The move was an obvious take off on a similar announcement from Skype last May that introduced free calling to US-based users until the end of the year. Both plans are meant to expand the market share of the services.
However, the SIPphone effort differs in a number of significant ways from the Ebya's Skype offer. Unlike with Skype, the Gizmo Project plan is permanent and requires both users to be "active" Gizmo Project users. "Active" accounts are those used regularly to make voice calls using the Gizmo Project software. Also unlike with Skype, the calls aren't confined to North America, but can be placed from anywhere in the world and received in 60 countries.
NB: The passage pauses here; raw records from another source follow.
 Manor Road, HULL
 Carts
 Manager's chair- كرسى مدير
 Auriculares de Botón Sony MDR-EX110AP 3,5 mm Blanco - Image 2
Finally, while SKype allows any regular phone number to be dialed within a designated region, Gizmo Project limits user to calling users at the mobile and landline numbers in their Gizmo profile.
It's not the first time that SIPphone challenged the field of VoIP services. Gizmo Project was the first service to provide a graphical measure of voice quality in its client; the first service to let users interject sound effects into their calls. It was also the first service to show the locations of callers and recipients on a map and one of the first services outside of Skype to use the GIPS CODEC for stellar voice quality. Gizmo Project includes IM, like Skype, but unlike Skype, Gizmo Project provides voice mail for free.
Even still Gizmo Project's penetration has been nominal at best. The service's audience today "approaches a million," says Kevin La Rue, the vice president of marketing for SIPphone. How close to a million, he won't say, but regardless that's still a far cry from the over 280 million users who've downloaded the Skype client.